Roosevelt, historiador por Harvard, frequentou direito em Colúmbia, mas sem concluí-lo, vez que passaria no exame de admissão da ordem dos advogados. Logo após, decidiria ingressar na política, ao disputar o senado estadual. Renunciaria menos de dois anos depois para ser o comandante-adjunto da Marinha, posto que civil.

No cargo, acompanhou próximo a I Guerra Mundial. Ao retornar da França em setembro de 1918, descobriu estar com a ‘gripe espanhola’ – nome controverso até os dias atuais - e quase faleceria na viagem. O próprio Wilson teria a doença, ocultada dos jornais por questão de segurança nacional.

1921 foi momento marcante para FDR: sairia da vida pública temporariamente, após a derrota dos democratas na Casa Branca, e contrairia pólio ao veranear com a família no Canadá, ainda que hoje se acredite ter sido outra doença. Em 1929, seria eleito governador de Nova York.

Em 1929, Hoover e Roosevelt começavam suas gestões. Os anos 20 assinalavam prosperidade inédita nos Estados Unidos, com consumo recorde de automóveis, telefones, eletrodomésticos etc., a despeito de parte da população estar sob severas leis de segregação.

Com a afluência, a especulação também aumentou e seduziu segmentos da sociedade, em especial a classe média. Pessoas hipotecavam imóveis – às vezes, o único da família - e com o dinheiro obtido investiam em ações, cujas cotações elevavam-se de maneira geral até o baque da bolsa de Nova York em outubro.

Hoover de início ajudou estados, corporações e bancos, reduziu impostos e estimulou obras públicas como represas e rodovias. Ele acreditava que a depressão estaria superada em menos de um ano. Antes do impacto negativo da bolsa, estimava-se que a taxa de desemprego estava entre 3% e 4%; em 1932, ela se encontraria próxima de 25%.

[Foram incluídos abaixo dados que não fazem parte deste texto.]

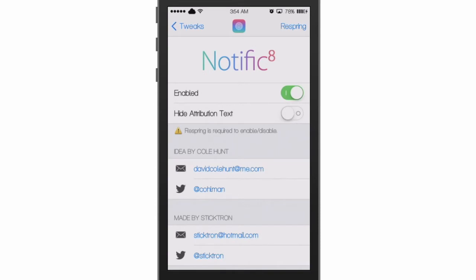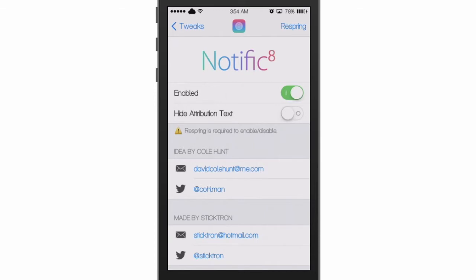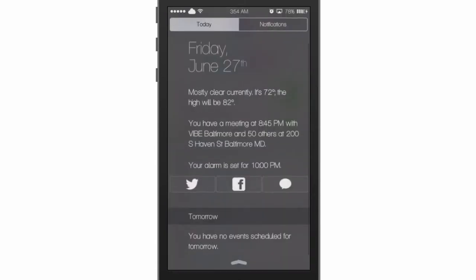What's up guys, this is Appertech here. In today's video I'm going to show you a new trick called Notificate. What Notificate does is give you the iOS 8 notification style. Let me jump into the notification center and show you what I'm talking about — as you can see, we now have 'Today' and 'Notifications' tabs.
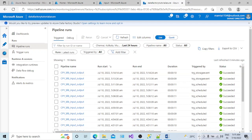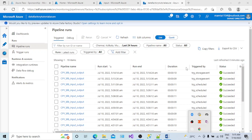So this way you can create a schedule trigger and a storage event trigger to make your pipeline run based on a window time schedule or based on a file event in your storage account container. I hope your concept is now clear and you understand the difference between the schedule trigger and the storage event trigger. If you have any questions, feel free to type in the comment section. Thank you and have a nice day.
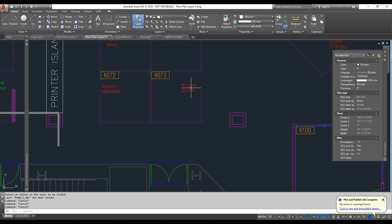A comment about the DIMLAYER and HPLAYER variables: the cool thing is you don't have to have that layer already existing in the drawing. You can just type in the system variable, give it a name, and it will create the layer the first time you use the dimension or hatch command. Naman was able to assign a color to it right away so it stands out, instead of inheriting the color from whatever layer was active.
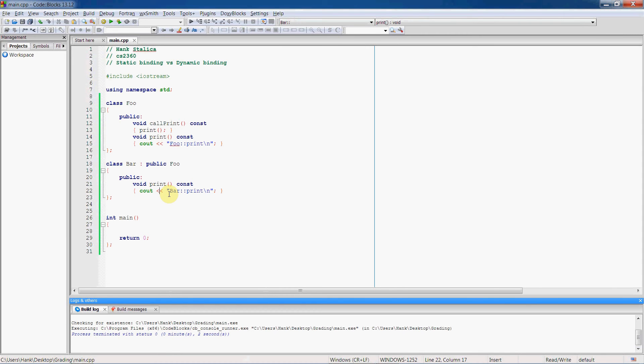All this stuff is hard-coded, if you will, set in stone at compile time. So there's no chance for us to use the print function inside the bar object.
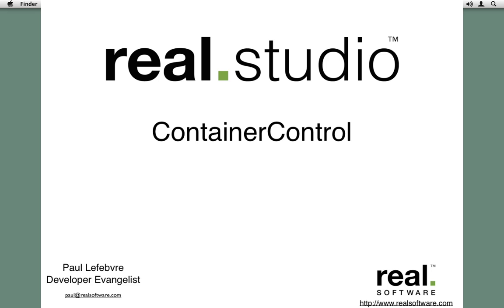Hello, I'm Paul LaFever, the Reel Software Developer Evangelist. In this video, I'm going to show you how to use a container control to create your own custom control that will alter the dialog button positions depending on the platform. So what do I mean by that?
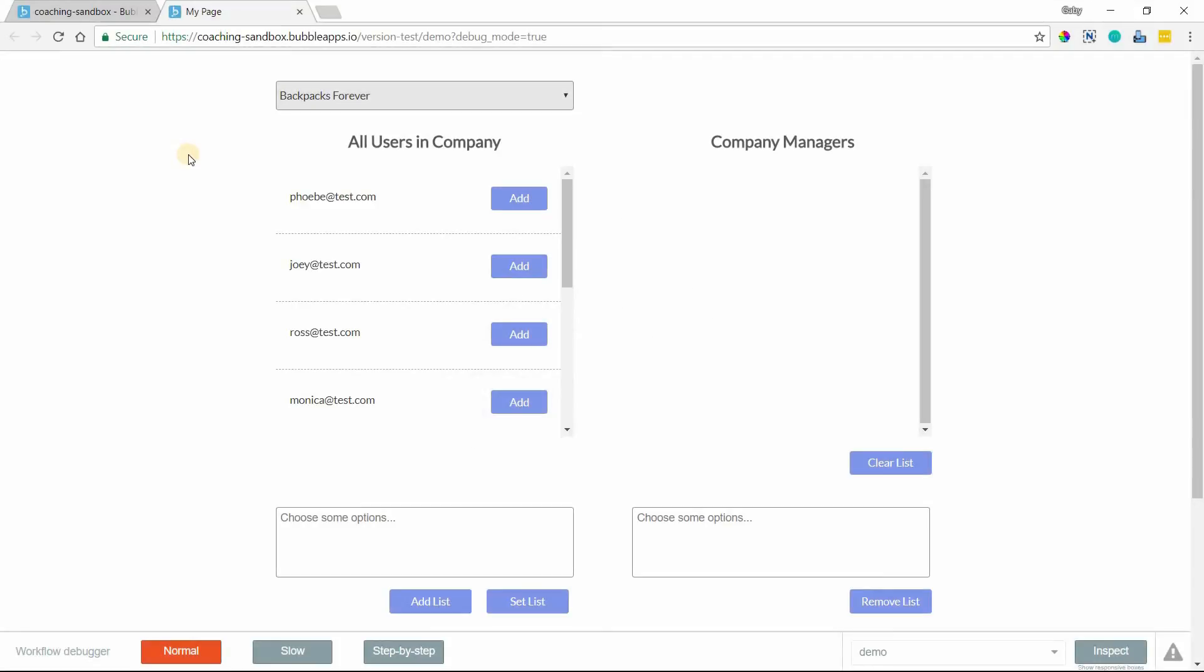Hi everyone. In this video, I'm going to show you how to modify list fields. Bubble gives you a few different ways to add things to a list, remove things from a list, both individually like one at a time, or in bulk.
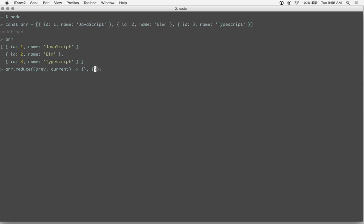So this could be like an array if you're building up an array. It could be like an empty string if you're building up a string. But in our case, we're building up an object. So we're just going to do an empty object.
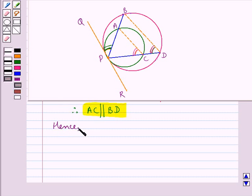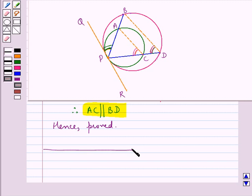Hence proved. This completes the session. Hope you have understood the solution of this question. Thank you.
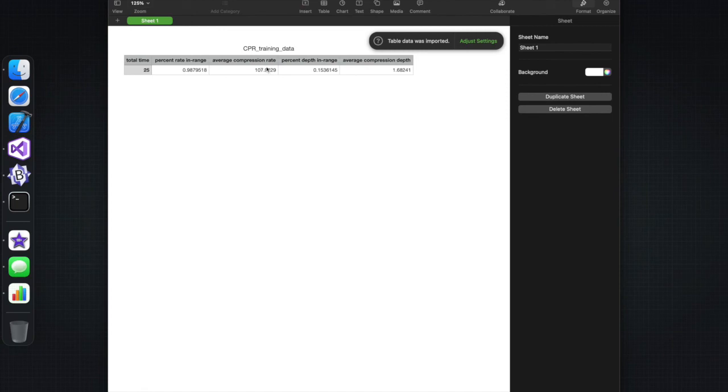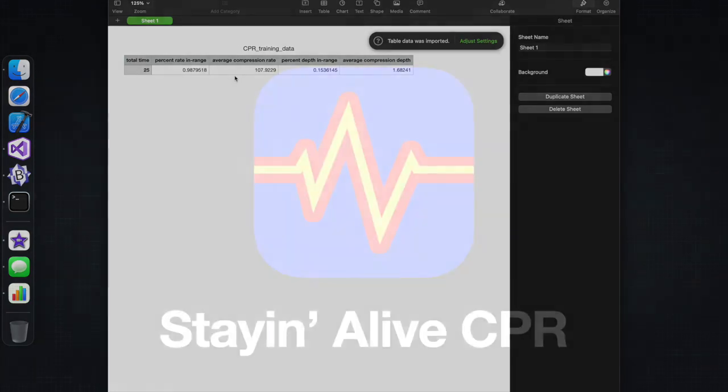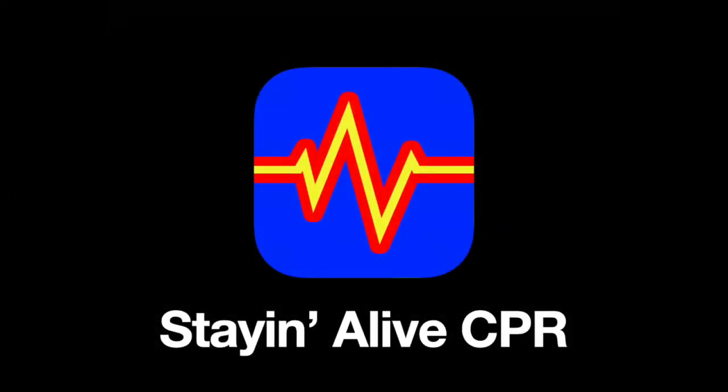Finally, the exported results can be opened in a text editor, or more commonly, an Excel-type program. This has been Stayin' Alive CPR training app. Thanks for watching.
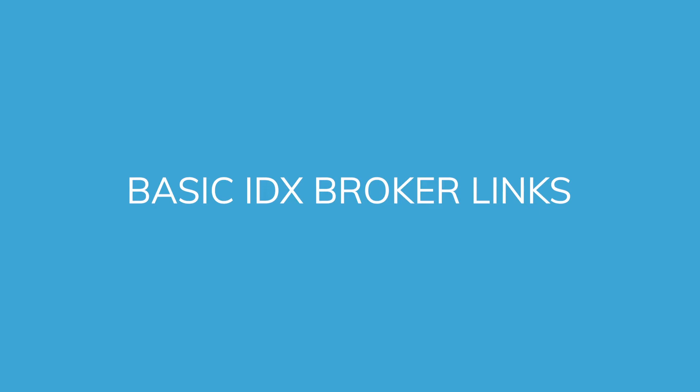Hello, this video is a step-by-step guide on adding any basic IDX broker page link to your existing website.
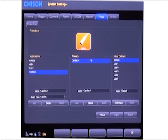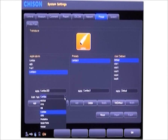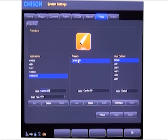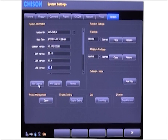The system has default presets, but here we can add new applications and presets according to the doctor's habits. It is also very convenient to upgrade the system. Press this key to upgrade the software, then press this key to upgrade the FPGA.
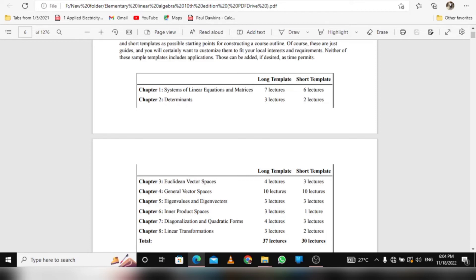They also have lectures. You see long template, short template. We have lectures in this book, right? That's why I did a long research to get this book.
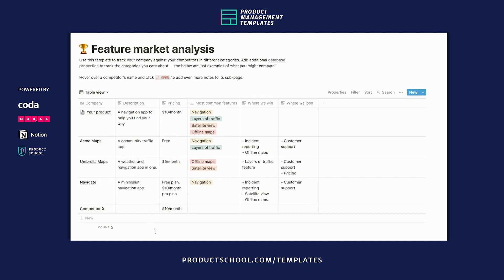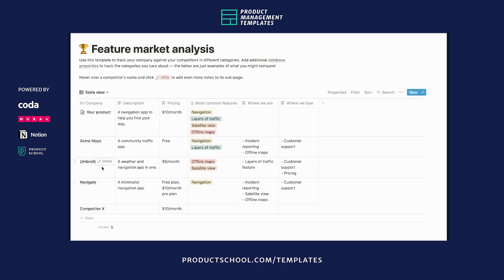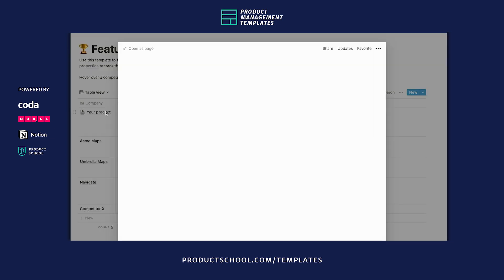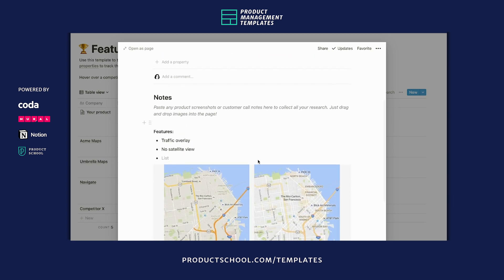And if you want to include more information about each of these competitors, each of these rows has its own page. So you can add whatever you want in here. I'll show you a finished example — you can even drag and drop images in here, you can use bullet points, whatever you want.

Hoover adquirira fama de eficiente desde 1900 quanto ao auxílio de necessitados. Na China, quando houve a Revolta dos Boxers ou da Sociedade dos Punhos Harmoniosos; na Inglaterra, no alvorecer da I Grande Guerra.
Depois, nos Estados Unidos, como responsável pela assistência aos europeus, alemães e russos inclusive, e pela Secretaria/ Ministério de Comércio, ao trabalhar pela melhora de condições de trabalho nas fábricas. O cabedal político durante mais de 25 anos o habilitou a disputar com êxito a presidência da república.

Contudo, diante da (grande) depressão, ele não teve a mesma presciência, de sorte que o povo logo desanimaria em função de sacrifícios tão extensos sem o amparo e o estímulo adequado por parte do governo federal, convicto de ser o revés passageiro.

Roosevelt, por outro, foi incisivo no enfrentamento da questão, ao estabelecer a Agência de Auxílio Emergencial e Temporário que estenderia socorro a mais de um terço da população do estado de Nova York. A repercussão positiva ajudaria a ser o nome democrata em 1932.

Enquanto Hoover acreditou que a superação da crise viria quase por si, haja vista a observação de ciclos econômicos anteriores, Roosevelt enxergou que, para aquele momento, outra forma de atuação se impunha, de modo que, ao vencer o pleito presidencial, ele já tinha o ‘rascunho’ do Pacto Novo (New Deal): as medidas implementadas em Nova York, epicentro da depressão, em sua gestão.

Ao aperfeiçoar e ampliá-las na Casa Branca, com o importante auxílio de professores oriundos de instituições de porte como Harvard e Columbia, elas seriam decisivas para a recuperação socioeconômica do país e para a preservação da democracia diante do robustecimento de regimes autoritários na Europa.

 

Virgilio Arraes

Doutor em História das Relações Internacionais pela Universidade de Brasília e professor colaborador do Instituto de Relações Internacionais da mesma instituição.